Lagare Adamou, Maïnassara Halima Boubacar, Issaka Bassira, Sidiki Ali, Tempia Stefano
Centre de Recherche Médicale et Sanitaire (CERMES), 634 Bld de la Nation, BP:10887, YN034-, Niamey, Niger.
Influenza Division, Centers for Disease Control and Prevention, Georgia, Atlanta, USA.
BMC Infect Dis. 2015 Nov 14;15:515. doi: 10.1186/s12879-015-1251-y.
Globally, pneumonia is the leading cause of morbidity and mortality in children, with the highest burden experienced in sub-Saharan Africa and Asia. However, there is a dearth of information on the etiology of severe acute respiratory illness (SARI) in Africa, including Niger.
We implemented a retrospective study as part of national influenza sentinel surveillance in Niger. We randomly selected a sample of nasopharyngeal specimens collected from children <5 years of age hospitalized with SARI from January 2010 through December 2012 in Niger. The samples were selected from individuals that tested negative by real-time reverse transcription polymerase chain reaction (rRT-PCR) for influenza A and B virus. The samples were analyzed using the Fast Track Diagnostic Respiratory Pathogens 21plus Kit (BioMérieux, Luxemburg), which detects 23 respiratory pathogens including 18 viral and 5 bacterial agents.
Among the 160 samples tested, 138 (86%) tested positive for at least one viral or bacterial pathogen; in 22 (16%) sample, only one pathogen was detected. We detected at least one respiratory virus in 126 (78%) samples and at least one bacterium in 102 (64%) samples. Respiratory syncytial virus (56/160; 35%), rhinovirus (47/160; 29%) and parainfluenza virus (39/160; 24%) were the most common viral pathogens detected. Among bacterial pathogens, Streptococcus pneumoniae (90/160; 56%) and Haemophilus influenzae type b (20/160; 12%) predominated.
The high prevalence of certain viral and bacterial pathogens among children <5 years of age with SARI highlights the need for continued and expanded surveillance in Niger.
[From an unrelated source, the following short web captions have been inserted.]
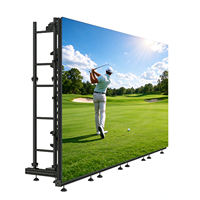 Écran LED extérieur XGCLED P3.91, étanche IP65, mur vidéo de location 500x500mm, armoire moulée sous pression, pour scène, DJ, spectacle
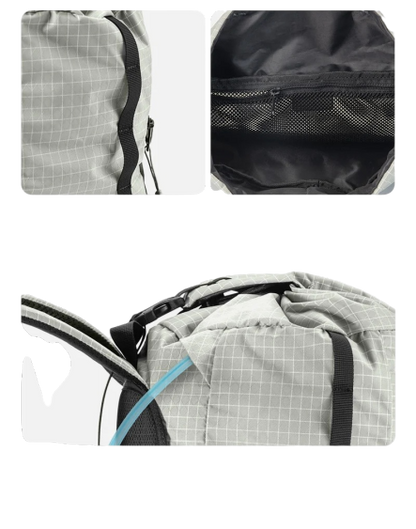 Naturehike ZT14 XPAC Backpack 20L - Grey & White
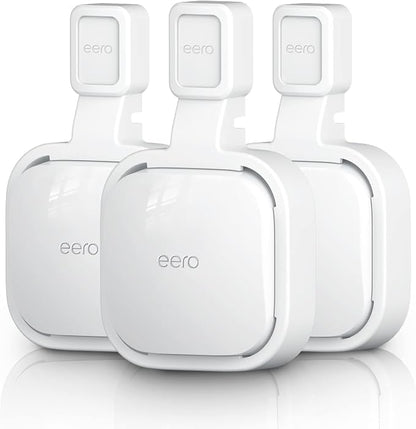 Wall Mount Holder for eero Pro 6e/6 Mesh Wi-Fi System, Outlet Wall Mount Stand by Sootozy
在全球范围内,肺炎是儿童发病和死亡的主要原因,撒哈拉以南非洲和亚洲所承受的负担最为沉重。然而,关于非洲(包括尼日尔)严重急性呼吸道疾病(SARI)病因的信息匮乏。
作为尼日尔全国流感哨点监测的一部分,我们开展了一项回顾性研究。我们从2010年1月至2012年12月在尼日尔因SARI住院的5岁以下儿童中随机抽取了一份鼻咽标本样本。这些样本选自甲型和乙型流感病毒实时逆转录聚合酶链反应(rRT-PCR)检测呈阴性的个体。使用快速诊断呼吸道病原体21plus试剂盒(生物梅里埃公司,卢森堡)对样本进行分析,该试剂盒可检测23种呼吸道病原体,包括18种病毒和5种细菌病原体。
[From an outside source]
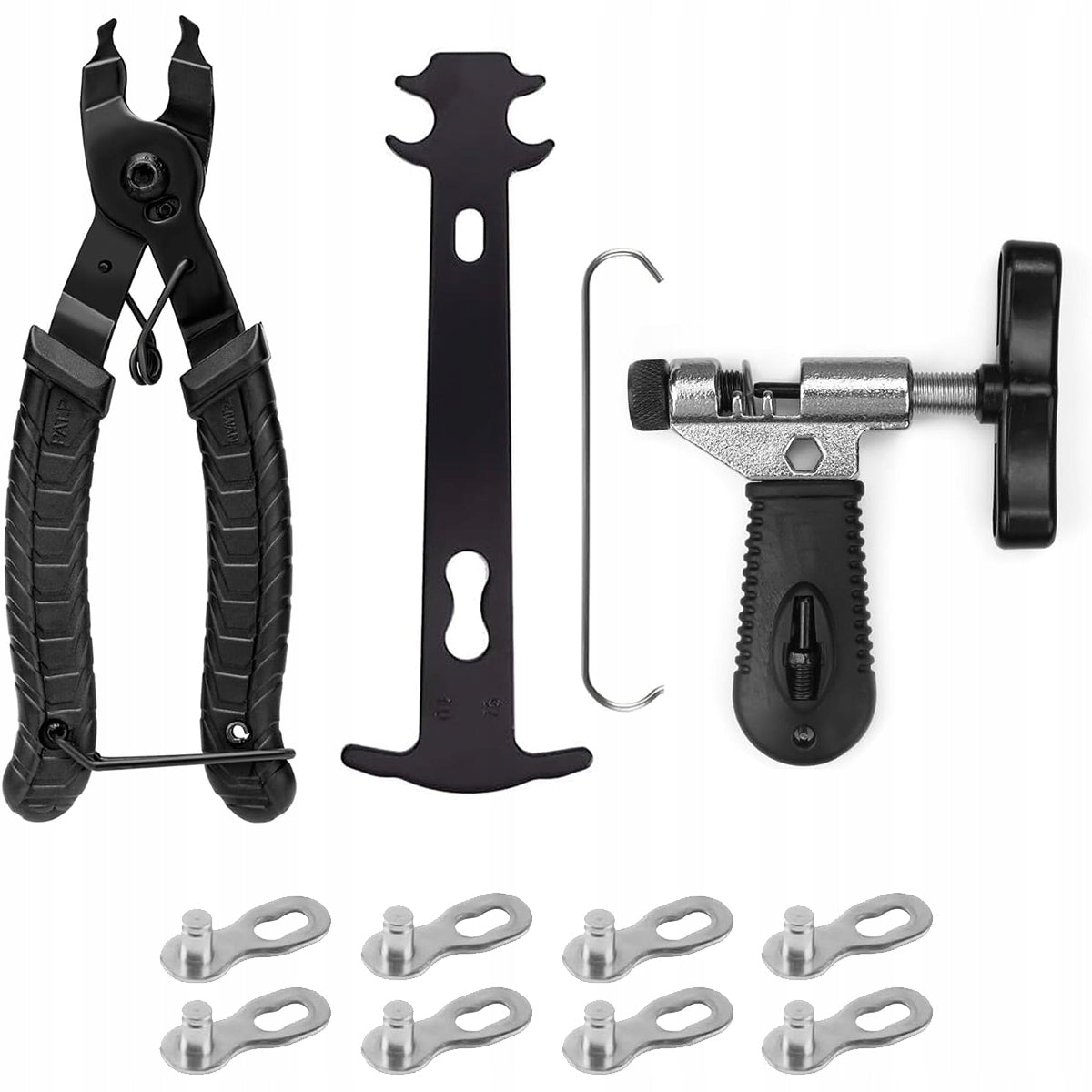 BICYCLE CHAIN REPAIR KIT CAPPER METER PLIERS Brand no brand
在检测的160份样本中,138份(86%)至少有一种病毒或细菌病原体检测呈阳性;在22份(16%)样本中,仅检测到一种病原体。我们在126份(78%)样本中检测到至少一种呼吸道病毒,在102份(64%)样本中检测到至少一种细菌。呼吸道合胞病毒(56/160;35%)、鼻病毒(47/160;29%)和副流感病毒(39/160;24%)是检测到的最常见病毒病原体。在细菌病原体中,肺炎链球菌(90/160;56%)和b型流感嗜血杆菌(20/160;12%)占主导地位。
5岁以下SARI儿童中某些病毒和细菌病原体的高流行率凸显了在尼日尔持续开展并扩大监测的必要性。